All of lore.kernel.org
 help / color / mirror / Atom feed
From: Mike Rapoport <rppt@linux.vnet.ibm.com>
To: Vlastimil Babka <vbabka@suse.cz>
Cc: Michal Hocko <mhocko@kernel.org>,
	"Kirill A. Shutemov" <kirill@shutemov.name>,
	Andrew Morton <akpm@linux-foundation.org>,
	Arnd Bergmann <arnd@arndb.de>,
	"Kirill A. Shutemov" <kirill.shutemov@linux.intel.com>,
	Andrea Arcangeli <aarcange@redhat.com>,
	Pavel Emelyanov <xemul@virtuozzo.com>,
	linux-mm <linux-mm@kvack.org>,
	lkml <linux-kernel@vger.kernel.org>
Subject: Re: [PATCH] mm: introduce MADV_CLR_HUGEPAGE
Date: Mon, 22 May 2017 20:51:07 +0300	[thread overview]
Message-ID: <20170522175106.GA15644@rapoport-lnx> (raw)
In-Reply-To: <a9e74c22-1a07-f49a-42b5-497fee85e9c9@suse.cz>

On Mon, May 22, 2017 at 05:52:47PM +0200, Vlastimil Babka wrote:
> On 05/22/2017 04:29 PM, Mike Rapoport wrote:
> > On Mon, May 22, 2017 at 03:55:48PM +0200, Michal Hocko wrote:
> >> On Mon 22-05-17 16:36:00, Mike Rapoport wrote:
> >>> On Mon, May 22, 2017 at 02:42:43PM +0300, Kirill A. Shutemov wrote:
> >>>> On Mon, May 22, 2017 at 09:12:42AM +0300, Mike Rapoport wrote:
> >>>>> Currently applications can explicitly enable or disable THP for a memory
> >>>>> region using MADV_HUGEPAGE or MADV_NOHUGEPAGE. However, once either of
> >>>>> these advises is used, the region will always have
> >>>>> VM_HUGEPAGE/VM_NOHUGEPAGE flag set in vma->vm_flags.
> >>>>> The MADV_CLR_HUGEPAGE resets both these flags and allows managing THP in
> >>>>> the region according to system-wide settings.
> >>>>
> >>>> Seems reasonable.
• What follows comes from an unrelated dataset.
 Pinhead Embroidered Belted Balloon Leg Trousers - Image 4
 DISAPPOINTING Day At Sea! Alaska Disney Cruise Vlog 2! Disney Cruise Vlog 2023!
But could you describe an use-case when it's useful in
> >>>> real world.
> >>>
> >>> My use-case was combination of pre- and post-copy migration of containers
> >>> with CRIU.
> >>> In this case we populate a part of a memory region with data that was saved
> >>> during the pre-copy stage. Afterwards, the region is registered with
> >>> userfaultfd and we expect to get page faults for the parts of the region
> >>> that were not yet populated. However, khugepaged collapses the pages and
> >>> the page faults we would expect do not occur.
> >>
> >> I am not sure I undestand the problem. Do I get it right that the
> >> khugepaged will effectivelly corrupt the memory by collapsing a range
> >> which is not yet fully populated? If yes shouldn't that be fixed in
> >> khugepaged rather than adding yet another madvise command? Also how do
> >> you prevent on races? (say you VM_NOHUGEPAGE, khugepaged would be in the
> >> middle of the operation and sees a collapsable vma and you get the same
> >> result)
> > 
> > Probably I didn't explained it too well.
> > 
> > The range is intentionally not populated. When we combine pre- and
> > post-copy for process migration, we create memory pre-dump without stopping
> > the process, then we freeze the process without dumping the pages it has
> > dirtied between pre-dump and freeze, and then, during restore, we populate
> > the dirtied pages using userfaultfd.
> > 
> > When CRIU restores a process in such scenario, it does something like:
> > 
> > * mmap() memory region
> > * fill in the pages that were collected during the pre-dump
> > * do some other stuff
> > * register memory region with userfaultfd
> > * populate the missing memory on demand
> > 
> > khugepaged collapses the pages in the partially populated regions before we
> > have a chance to register these regions with userfaultfd, which would
> > prevent the collapse.
> > 
> > We could have used MADV_NOHUGEPAGE right after the mmap() call, and then
> > there would be no race because there would be nothing for khugepaged to
> > collapse at that point. But the problem is that we have no way to reset
> > *HUGEPAGE flags after the memory restore is complete.
> 
> Hmm, I wouldn't be that sure if this is indeed race-free. Check that
> this scenario is indeed impossible?
> 
> - you do the mmap
> - khugepaged will choose the process' mm to scan
> - khugepaged will get to the vma in question, it doesn't have
> MADV_NOHUGEPAGE yet
> - you set MADV_NOHUGEPAGE on the vma
> - you start populating the vma
> - khugepaged sees the vma is non-empty, collapses
> 
> unless I'm wrong, the racers will have mmap_sem for reading only when
> setting/checking the MADV_NOHUGEPAGE? Might be actually considered a bug.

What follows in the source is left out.